Faut-il vous dire que je tiens ces racontars pour de pures médisances? Ce qui est certain, c'est que j'ai souvent reçu—et, sans doute, vous comme moi,—sous belles enveloppes cachetées, avec des affranchissements de quinze centimes, des prospectus très explicites de ces agences discrètes qui se chargent «de toutes recherches délicates dans l'intérêt des familles». La «surveillance» est une des mamelles qui les font vivre; l'autre c'est le «flagrant délit concerté».
—J'ai connu, m'a dit un praticien du divorce, beaucoup de gens qui avaient eu la faiblesse de céder à ces sollicitations. Il m'en vient encore tous les jours qui me disent: «J'ai reçu un prospectus d'agence...» Je les mets en garde contre la tentation de s'en servir. En effet, la plupart du temps, l'expérience coûte horriblement cher et elle n'aboutit pas. Les agences fournissent à leur clientèle des romans très pathétiques... Si l'on se fie à leurs indications, on fait chou blanc. L'agence en est quitte pour s'excuser sur les difficultés des «filatures», sur un changement de fiacre qui a dépisté. Cependant, le «filateur», qui souvent a simplement pris la peine de rédiger son petit mémoire, d'imagination, dans une brasserie, en buvant des bocks, se fait communément payer soixante à quatre-vingts francs par jour.
Et cet homme d'expérience ajoutait:
—Si l'on est décidé à organiser un flagrant délit, il vaut mieux opérer soi-même, traiter de gré à gré avec une belle personne, experte à jouer la comédie de l'amour, qui ne s'effraye pas trop à la pensée que deux hommes à la fois, l'amoureux et le commissaire, la verront dans un déshabillé galant. Mais que d'embarras se préparent, dans la suite, les imprudentes qui usent de tels moyens pour se défaire de leurs maris! Leurs complices les font aller où elles veulent. Elles menacent d'avertir le mari, le commissaire de police, le Tribunal, de la fourberie de leur connivence. On en a vu qui feignaient les remords.
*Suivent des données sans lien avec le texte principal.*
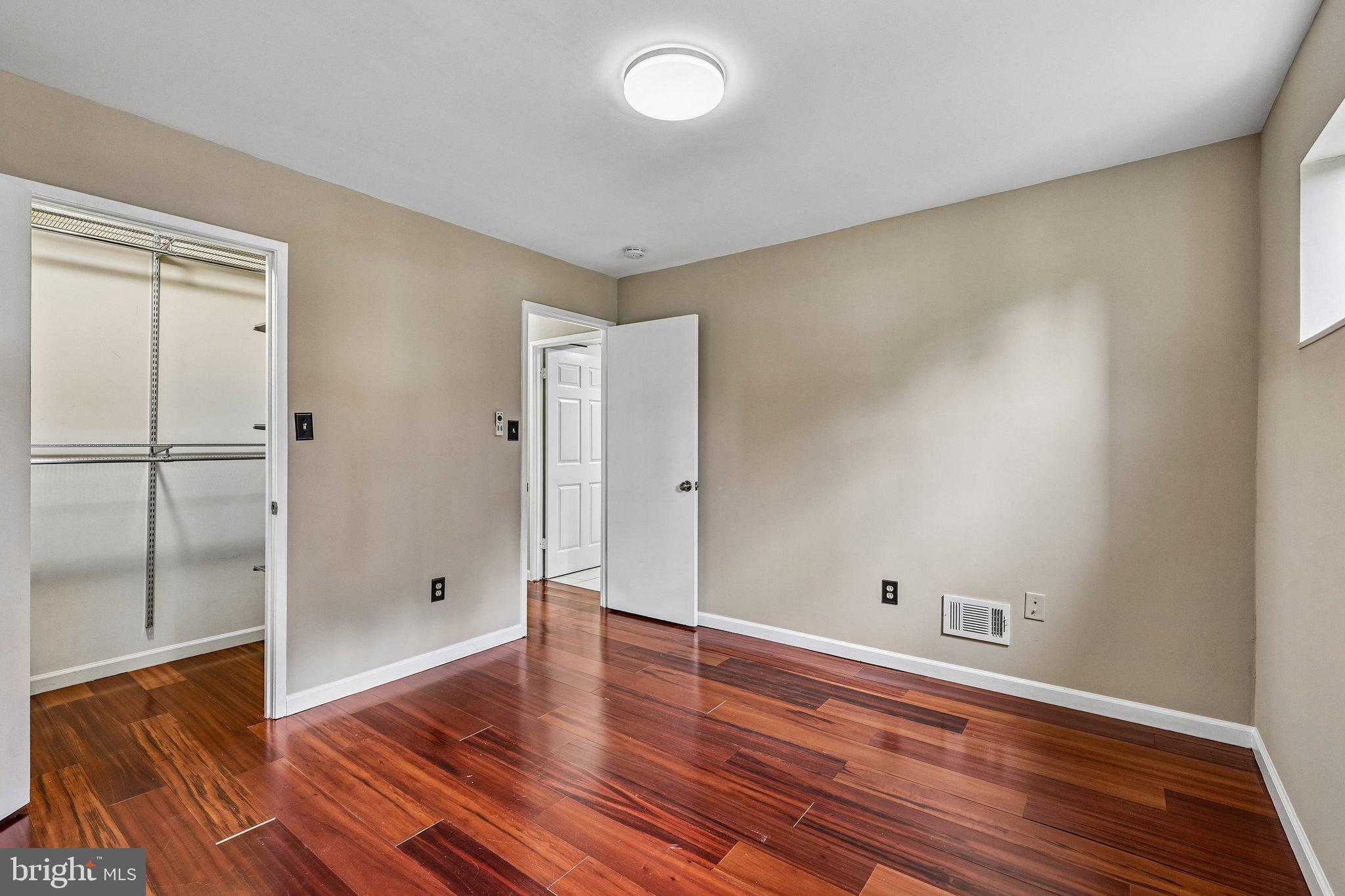 TYSONS COURT - Residential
Et un remords, voyez-vous, chez un complice qui est maître de votre secret, c'est encore plus dispendieux à nourrir que le simple et normal appétit de chantage.
Malgré ces sages conseils, le flagrant délit truqué aura toujours des amateurs: il y a des gens qui savourent, avec une volupté presque sadique, les émotions de la chasse à l'affût.
Avec l'adultère de commun accord, non seulement toléré par les époux, mais amicalement accepté, la comédie s'élargit encore.
Il ne faudrait pas croire qu'il soit seulement en usage dans le peuple, le petit contrat, que des époux, rassasiés l'un de l'autre, et pourtant bons camarades, se signent, bénévolement, après dîner, enchantés de se trouver si d'accord, et de régler leurs affaires sans tapage, sans dépenses, sans intervention de magistrats.
Sans doute les maçons, les journaliers, tout le petit peuple qui vit dans la promiscuité de ces grandes casernes de misère où les mœurs du phalanstère renaissent nécessairement, ont une tendance à passer, sans gêne ni souci, à travers les scrupules de la loi, comme de très petits oiseaux par les mailles d'un filet trop large. Mais j'ai là sous les yeux cinq ou six affaires typiques où des bourgeois, des négociants, sont en cause.
Voici deux couples qui habitaient la même maison. Ils vivaient amis et se fréquentaient assidûment. Un beau soir,—en tirant les Rois,—ils s'avisent que ce serait tout à fait divertissant d'en user comme au quadrille où l'on change de dames. Il se trouve que les quatre volontés sont consentantes. M. X... a depuis longtemps du goût pour madame Y..., qui le trouve charmant; M. Y... a le cœur touché au vif par la grâce de madame X..., et il en est agréé. Pourquoi ces quatre conjoints se rendraient-ils malheureux? L'échange qu'on va faire met les maris au-dessus du ridicule et les femmes à l'abri de la jalousie. Il ne reste donc qu'à trouver une formule de contrat. On la rédige séance tenante:
«Il est entendu qu'à partir de ce jour, moi, X..., je concède à Y... ma femme Juliette. Il me donne en échange sa femme Ernestine.»